**** PROVIDED DATA ****

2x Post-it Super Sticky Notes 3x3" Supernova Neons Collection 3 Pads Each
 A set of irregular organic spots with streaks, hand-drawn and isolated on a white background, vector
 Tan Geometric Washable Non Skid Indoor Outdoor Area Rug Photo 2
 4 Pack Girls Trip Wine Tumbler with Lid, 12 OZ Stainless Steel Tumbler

****

* _WHAT THIS TASK INVOLVES_: Retype all of the data word for word.

* _OUTPUT OF THE EXERCISE_:
2x Post-it Super Sticky Notes 3x3" Supernova Neons Collection 3 Pads Each
 A set of irregular organic spots with streaks, hand-drawn and isolated on a white background, vector
 Tan Geometric Washable Non Skid Indoor Outdoor Area Rug Photo 2
 4 Pack Girls Trip Wine Tumbler with Lid, 12 OZ Stainless Steel Tumbler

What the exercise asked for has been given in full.